What is the difference between a hard link and a symbolic link?
In every file system it is common to work with — and on — more than one file at a time. Copying and pasting, duplicating and deleting files are all actions carried out constantly when updating and creating new work.
In Linux, which is a file system based entirely in directories and files, copying and pasting files can be easily done to duplicate a file. The outcome will be two sets of the same file, independent one from the other. If one is deleted or edited, those actions will not affect the copy.
In some cases, it will be not enough or useful to copy and paste files, but instead it will be necessary to create a soft or hard link to said files.
But- what is a soft link and a hard link and why should they be used?
Before getting into the actual definitions and comparisons, there is some other relevant information that should be defined first. To comprehend the use of space disk and how files are actually stored and referenced by the operating system, we must first go into Inodes.

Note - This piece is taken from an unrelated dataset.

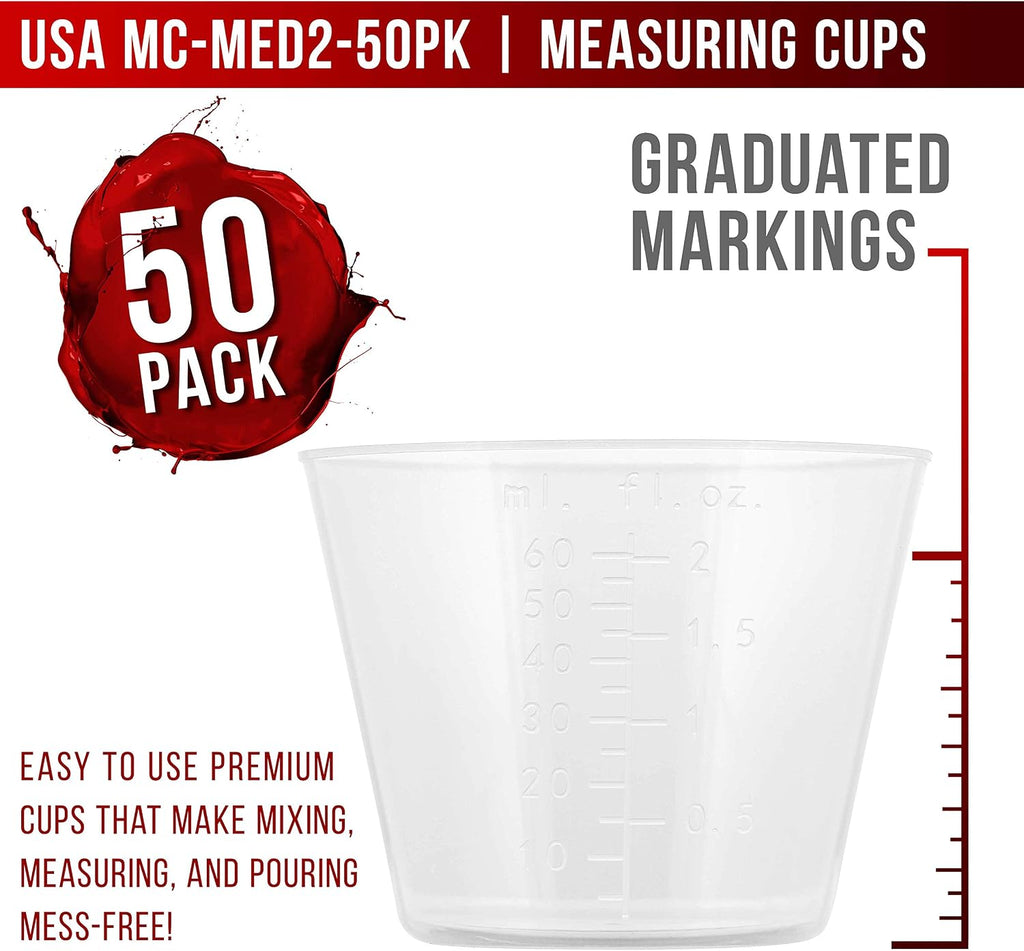 Pouring Masters 2 Oz (60 ml) Liquid Measuring Cups, 50 Pack with 25 Sticks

Inodes are basically identification cards for files. These contain all the information about a file, such as size, permissions, date of creation, owner and more. The way an operating system knows where a file is located and what that file is, is not by the file name but by the file’s Inode number. To store this information, the operating system creates a set of tables called Inode Tables in which Inode Numbers are stored. It is through these tables and numbers that when as a user you reference a file by name, the system will look through the Inode Tables, find the Inode Number related to that file name, and will only then identify the file you need and interpret its contents.

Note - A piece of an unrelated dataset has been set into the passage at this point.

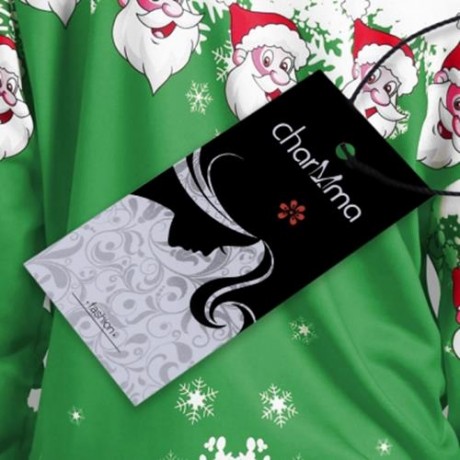CHRISTMAS PLUS SIZE SANTA CLAUS SKEW COLLAR SWEATSHIRT (GREEN)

Every time a new file is created it is assigned an Inode Number and a name, so that both the operating system and the user can identify said file.
To output the Inode Number for your directory’s files, you can prompt ls — — inode. The result will be a list of the files contained in that directory with the corresponding Inode Number for each file.
A soft link acts as a link that points to the original file. It works like a shortcut that leads to the file and is not an actual file itself. A soft link has a different Inode number that the original file, and they are often used as faster access to files located in another file system. This could be done because the path to that file is a complicated one for example, or there are disk space issues in one file system so as to bring the original file to it.
They act as windows to the file in order to access the content, but don’t actually contain it. It is a path to the original file. This means that if the original file is deleted, then the soft link becomes useless because it has nothing to link to. When content is accessed through a soft link and edited, it is edited on the original file and the soft link is just the access to it.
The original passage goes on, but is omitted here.